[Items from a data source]
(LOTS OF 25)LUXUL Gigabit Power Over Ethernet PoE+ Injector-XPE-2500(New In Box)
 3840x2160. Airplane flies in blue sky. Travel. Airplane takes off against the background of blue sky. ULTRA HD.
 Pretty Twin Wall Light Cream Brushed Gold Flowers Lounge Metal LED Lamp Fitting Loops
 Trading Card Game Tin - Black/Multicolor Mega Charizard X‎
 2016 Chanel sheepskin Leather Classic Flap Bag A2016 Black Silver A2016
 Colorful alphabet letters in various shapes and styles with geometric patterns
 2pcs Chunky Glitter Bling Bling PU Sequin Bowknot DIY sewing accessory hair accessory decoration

**What you are asked to do**
The lines from the one with "Pretty Twin Wall" through the final line of the data are to be reproduced exactly, both included, with no other lines.

**Final answer**
 Pretty Twin Wall Light Cream Brushed Gold Flowers Lounge Metal LED Lamp Fitting Loops
 Trading Card Game Tin - Black/Multicolor Mega Charizard X‎
 2016 Chanel sheepskin Leather Classic Flap Bag A2016 Black Silver A2016
 Colorful alphabet letters in various shapes and styles with geometric patterns
 2pcs Chunky Glitter Bling Bling PU Sequin Bowknot DIY sewing accessory hair accessory decoration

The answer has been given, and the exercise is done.